Problem details:
Set the data down again, exactly as it reads, but without the pictures.

Source data:

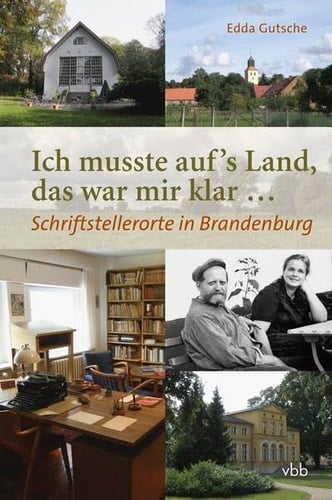 Ich musste auf's Land, das war mir klar ... Schriftstellerorte in Brandenburg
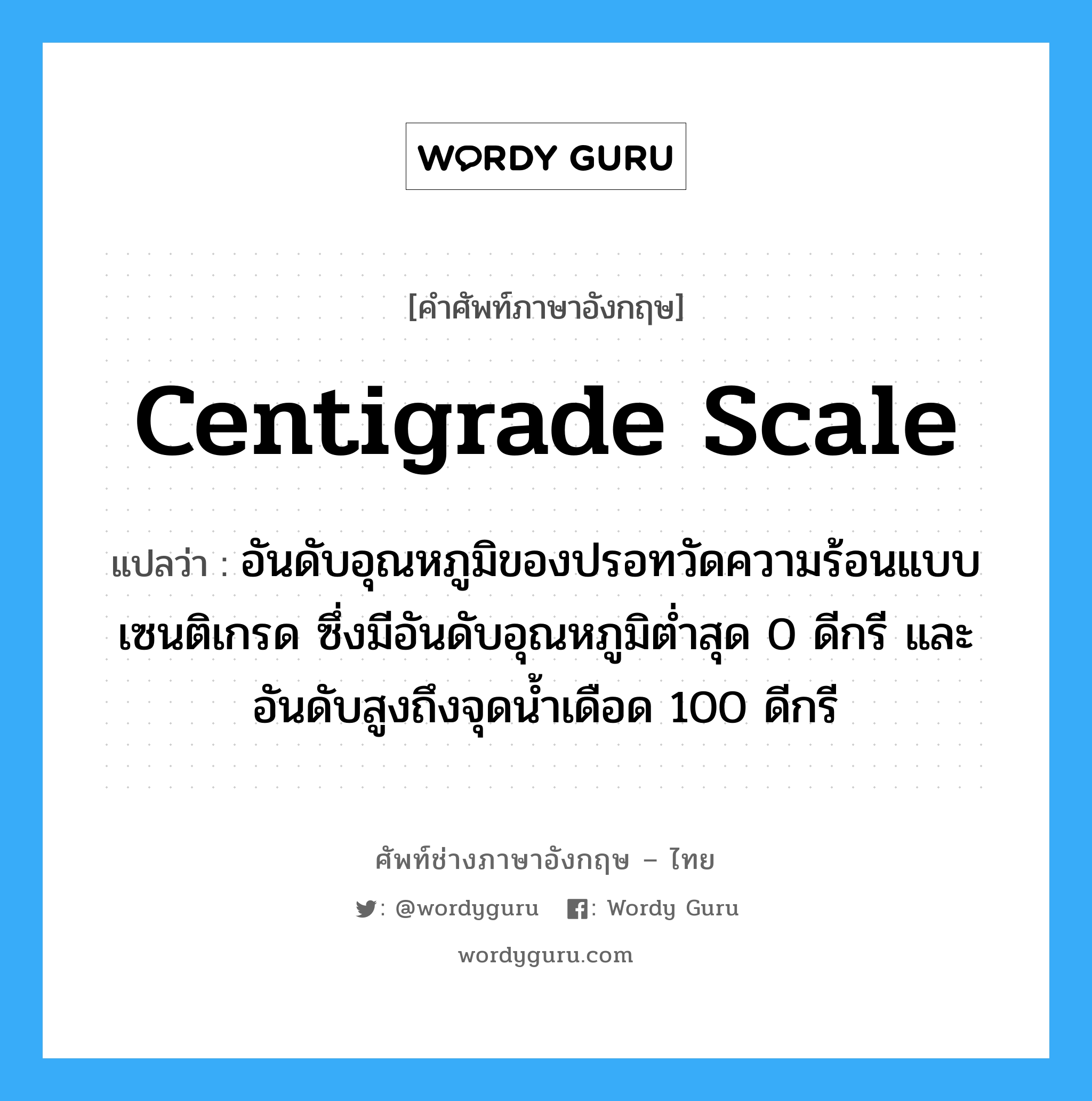 centigrade scale แปลว่า?, คำศัพท์ช่างภาษาอังกฤษ - ไทย centigrade scale คำศัพท์ภาษาอังกฤษ centigrade scale แปลว่า อันดับอุณหภูมิของปรอทวัดความร้อนแบบ เซนติเกรด ซึ่งมีอันดับอุณหภูมิต่ำสุด 0 ดีกรี และอันดับสูงถึงจุดน้ำเดือด 100 ดีกรี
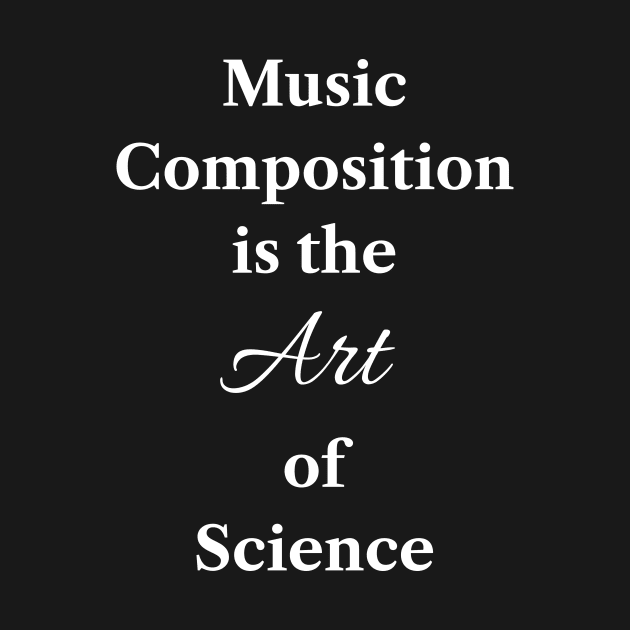 Music Composition is the Art of Science #marchforscience by CHADDINGTONS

Finished task:
 Ich musste auf's Land, das war mir klar ... Schriftstellerorte in Brandenburg
 centigrade scale แปลว่า?, คำศัพท์ช่างภาษาอังกฤษ - ไทย centigrade scale คำศัพท์ภาษาอังกฤษ centigrade scale แปลว่า อันดับอุณหภูมิของปรอทวัดความร้อนแบบ เซนติเกรด ซึ่งมีอันดับอุณหภูมิต่ำสุด 0 ดีกรี และอันดับสูงถึงจุดน้ำเดือด 100 ดีกรี
 Music Composition is the Art of Science #marchforscience by CHADDINGTONS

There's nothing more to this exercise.